ACTIVITY>
Using the listing below, reproduce exactly the lines from the one with "Fully equipped kitchen" through the last, with all pictures left out.

Top of DATASET CONTENT

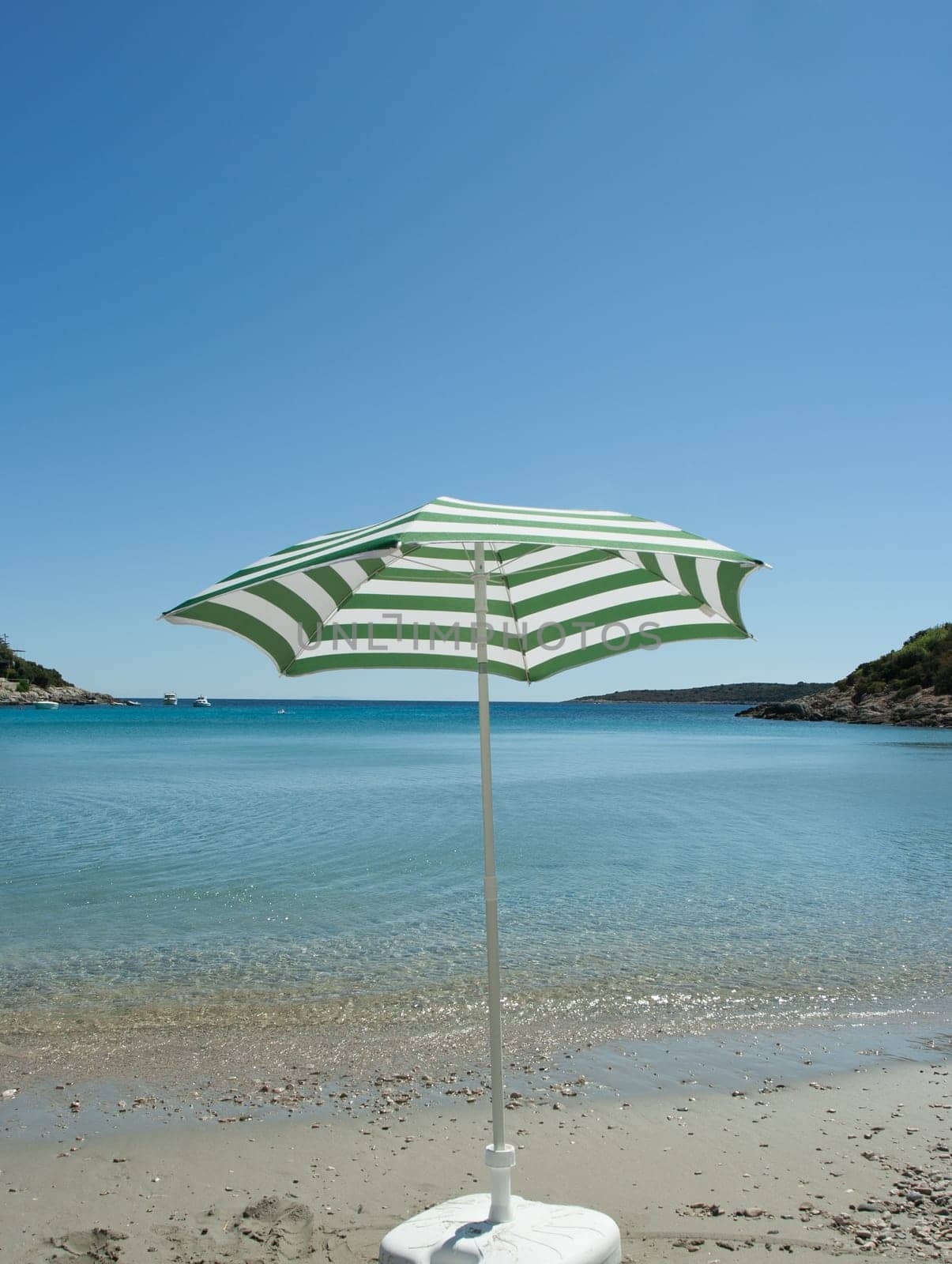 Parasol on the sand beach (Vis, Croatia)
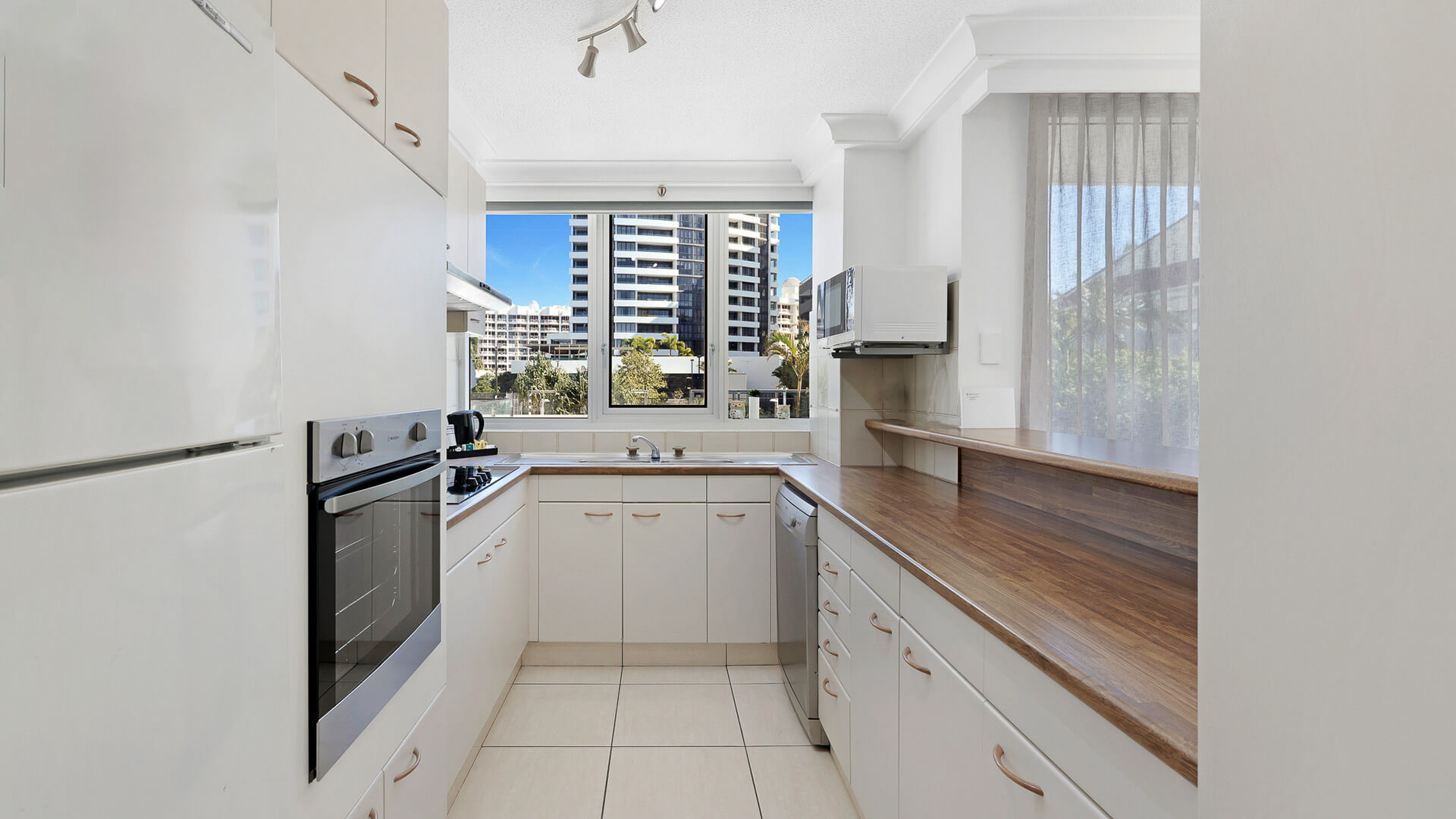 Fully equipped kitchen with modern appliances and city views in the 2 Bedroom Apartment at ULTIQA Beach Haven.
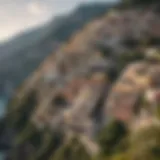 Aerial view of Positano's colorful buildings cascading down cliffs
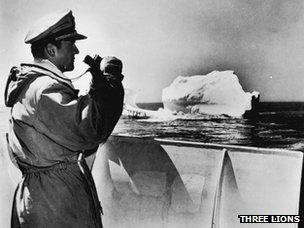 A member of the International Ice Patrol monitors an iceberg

Bottom of DATASET CONTENT

REPLY>
 Fully equipped kitchen with modern appliances and city views in the 2 Bedroom Apartment at ULTIQA Beach Haven.
 Aerial view of Positano's colorful buildings cascading down cliffs
 A member of the International Ice Patrol monitors an iceberg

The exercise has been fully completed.